A selective query or a point lookup, seeks to return a small or single result from a large dataset, common in BI and Analytics use cases. Sometimes referred to as a "needle-in-the-haystack" query, making these queries fast while keeping costs low is hard.

It's hard because in order to make your point lookups fast on a cloud data warehouse (CDW), you'll have to create an index or use an additional optimization service. Further, these options are knobs, meaning that each approach requires understanding how and when to use, before enabling.

Indexes are time-consuming and expensive because:

You need to figure out which column(s) to index on
You have to maintain the index, deciding when to rebuild and paying for each rebuild
You need to think this process for each table, for each use case
You have to beware write amplification
If the usage pattern changes, you will need to rebuild the index

Optimization services are expensive because:

You need to determine which tables you need to enable it on
You need to pay for running the service in the background as the table changes
You need to think through this process for each table

In summary, CDW's indexes and optimization services for point lookups are expensive. Given all the considerations required, these options are complex knobs that take time and money to tune. There has to be a better way.

The Benefits of Predictive I/O

Now imagine this… What if you didn't have to make a copy of the data? What if there was no need for expensive indexes or search optimization services? What if the system could learn which data is needed for your queries and anticipate what you'll need next? What if your queries were simply fast without knobs?
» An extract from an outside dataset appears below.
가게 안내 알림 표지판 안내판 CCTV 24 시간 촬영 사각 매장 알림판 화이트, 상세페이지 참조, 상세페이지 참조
What if Databricks can stop the never-ending loop of DBA grief and replace it with an intelligent system that allows you to get back to simplicity? This is where Predictive I/O enters the chat. Let's look at two examples of Predictive I/O performance out-of-the-box.

First, let's compare Databricks SQL Serverless performance against a Cloud Data Warehouse (CDW) for a point lookup. In the case below, after loading a dataset into the CDW, it takes 8.7 seconds to query. If that's not fast enough for you, you can use an expensive optimization service and get the time down to 3.6 seconds. But remember: you're paying for this. Every time your table changes, the optimization service will have to run maintenance operations. Or, as a much easier and less expensive alternative, just load and query your data in the Lakehouse in 3.7 seconds thanks to Predictive I/O!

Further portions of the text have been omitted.